Entries supplied →
- - - - -

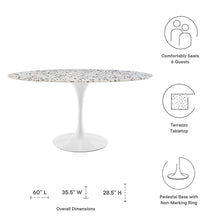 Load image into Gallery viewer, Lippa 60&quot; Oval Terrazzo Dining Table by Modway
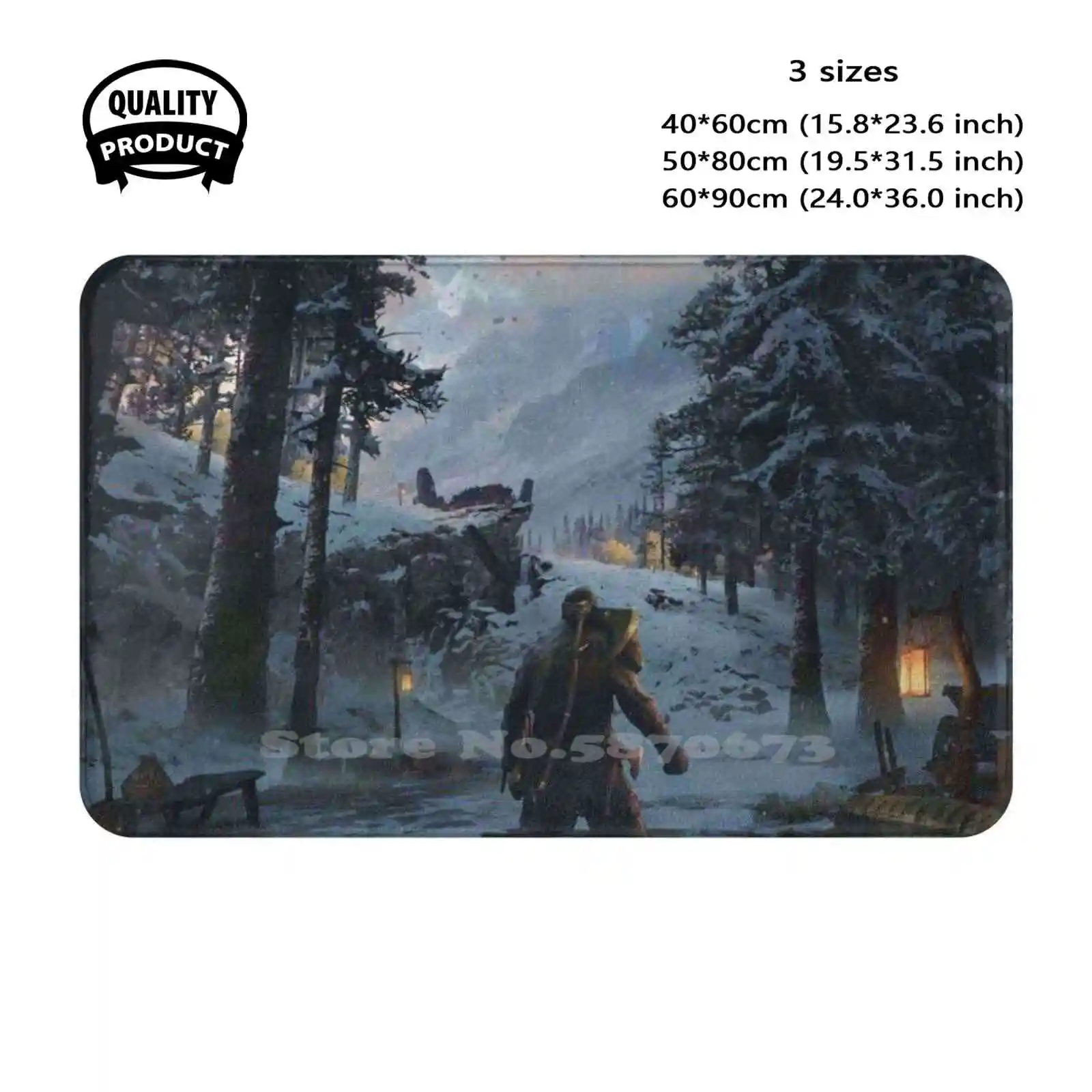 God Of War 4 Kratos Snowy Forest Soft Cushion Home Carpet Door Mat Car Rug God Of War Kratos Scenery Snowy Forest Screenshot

- - - - -

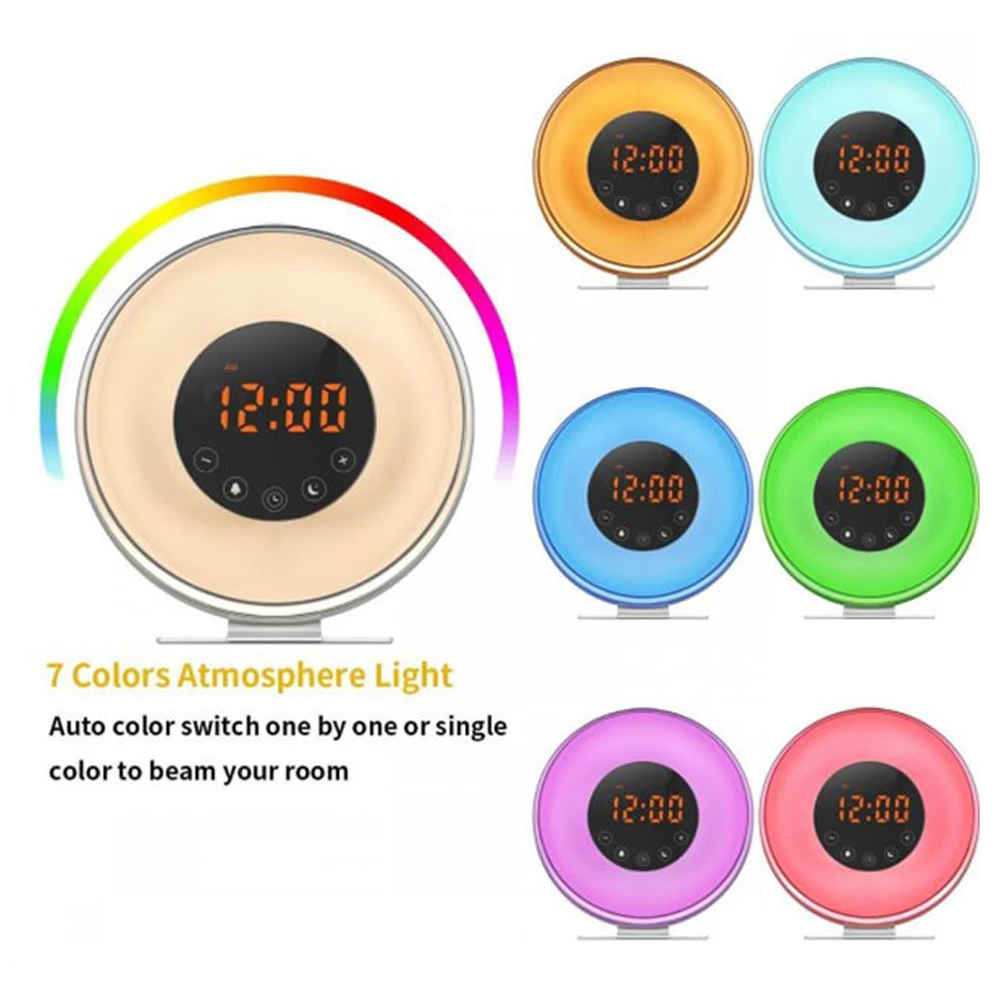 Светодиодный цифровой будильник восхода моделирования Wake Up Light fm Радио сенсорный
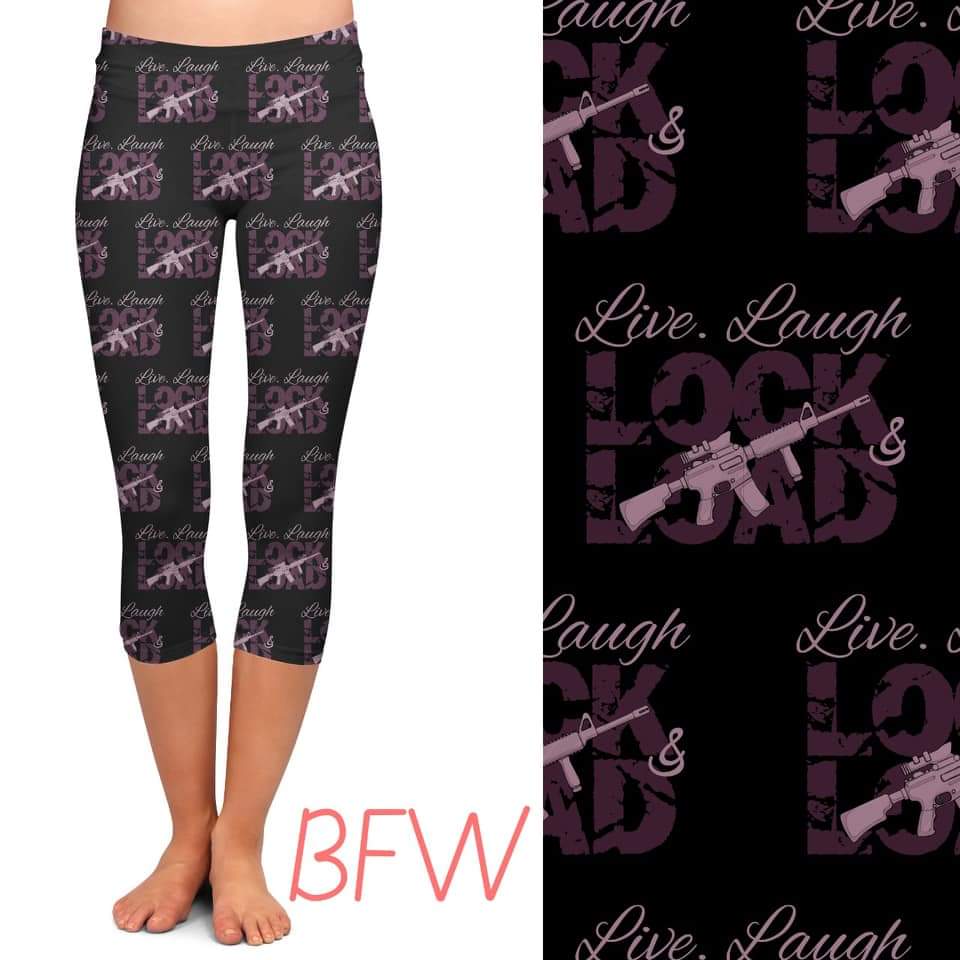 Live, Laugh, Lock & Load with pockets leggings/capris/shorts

- - - - -

Problem requirements →
Your reply is to be an exact repeat of the listing above from the line holding "Светодиодный цифровой будильник" down to the line holding "Live, Laugh, Lock", ends included, pictures excluded.

Problem solution →
 Светодиодный цифровой будильник восхода моделирования Wake Up Light fm Радио сенсорный
 Live, Laugh, Lock & Load with pockets leggings/capris/shorts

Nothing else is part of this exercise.